- Born: Lon Scott Babby February 21, 1951 (age 75)
- Education: Lehigh University (BA) Yale Law School (JD)
- Occupations: Lawyer; NBA player agent;
- Children: Ken Babby

= Lon Babby =

American lawyer (born 1951)

Lon Scott Babby (born February 21, 1951) is an American lawyer and NBA player agent. He was named the Phoenix Suns President of Basketball Operations in July 2010. However, as of June 2015, he had been moved to the team's senior adviser instead, and he stepped down from his position altogether a year later.

==Career==
After graduating from Valley Stream South High School, Babby earned a Bachelor of Arts in political science from Lehigh University in 1973 and a Juris Doctor from Yale Law School in 1976. Early in his career, Babby represented John Hinckley Jr., the man who tried to assassinate President Ronald Reagan.
He is best known as an NBA player agent, whose clients included Tim Duncan, Hedo Türkoğlu and Ray Allen, as well as former Suns player Grant Hill. Additionally, he has also represented Major League Baseball clients, and has worked as an attorney for the NFL's Washington Redskins (1977–80) and MLB's Baltimore Orioles (1979–94). He is also the father of businessman Ken Babby.

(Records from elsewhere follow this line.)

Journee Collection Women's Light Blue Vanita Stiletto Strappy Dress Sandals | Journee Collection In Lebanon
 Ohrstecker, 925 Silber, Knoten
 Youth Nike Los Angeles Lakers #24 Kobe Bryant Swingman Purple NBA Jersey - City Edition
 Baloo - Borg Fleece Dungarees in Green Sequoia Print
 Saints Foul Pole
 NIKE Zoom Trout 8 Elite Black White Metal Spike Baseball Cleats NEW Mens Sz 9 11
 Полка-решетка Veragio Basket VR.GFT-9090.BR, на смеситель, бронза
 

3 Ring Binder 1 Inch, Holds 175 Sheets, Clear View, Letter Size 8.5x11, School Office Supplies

On July 20, 2010, Babby was named the Phoenix Suns President of Basketball Operations under team owner Robert Sarver after Steve Kerr left his role as general manager in June 2010 and Sarver made the lambasted decision to make sign-and-trades to acquire Josh Childress, Hakim Warrick, and Hedo Türkoğlu as the intended replacements for star power forward Amar'e Stoudemire. Despite being named the President of Basketball Operations, he still had to respond to the actual general manager of the team throughout his tenure, which originally was Lance Blanks before Ryan McDonough took over in 2013. However, he was the key speaker for the franchise during press conferences early on in his tenure despite being second-in-command to Blanks. Fans of the franchise took notice to his nasally sounding voice during that period of time. Near the end of his tenure with the Suns, Babby was demoted to being a senior advisor for the franchise on June 10, 2015, due to McDonough's expanding coverage within the franchise. Babby ultimately stepped down from his position with the team altogether on May 5, 2016.

Babby has since worked with the Positive Coaching Alliance under their local board members as well as the Be A Leader Foundation in their board of directors and the Arizona Community Foundation after stepping down from the Suns. He has also been inducted into the George Washington Jewish Sports Hall of Fame in 2007 for his contributions to the world of sports before his time with the Suns.